“A lot of bones have been broken here. A lot. Broken bones in the feet, the hands, the shoulders, collarbones definitely, hips, skull fractures, broken necks. I don’t know if it’s broken every bone in the human body, but a lot of bones have been broken here.”
I’m in St Moritz, home to the FIS Alpine Ski World Championships in 2017, talking to Gary Lowe. Gary, who’s wearing a spectacular pair of red trousers, is the new Secretary of the St Moritz Tobogganing Club (the SMTC). Sat together in the confines of the empty clubhouse bar, he’s reeling off the various bones the Cresta Run (aka the Cresta) has claimed like they’re items on a particularly morbid shopping list. The season hasn’t got under way just yet, so the clubhouse isn’t officially up and running, but Gary has kindly offered me the chance to take an exclusive access-all-areas tour anyway.
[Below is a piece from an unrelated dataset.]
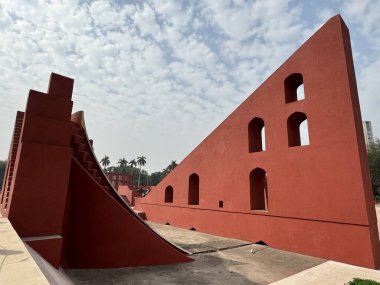 DELHI, Hindistan - 19 Şubat 2023 'te Hindistan' ın Delhi kentindeki Jantar Mantar Gözlemevi 'nde görüldü..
“People do get addicted to it…”
“I was hit in the back of the leg a few years ago by my toboggan and let me tell you – that hurts. I was on crutches for some time after that. I’ve had the odd broken finger, stitches in the eyelids, stitches in the eye. I’ve had long thoracic nerve damage, and radial nerve damage. These injuries were the bad results of two unlucky crashes,” he tells me, when I ask him what wounds he’s suffered over the course of his 700 rides down the Cresta.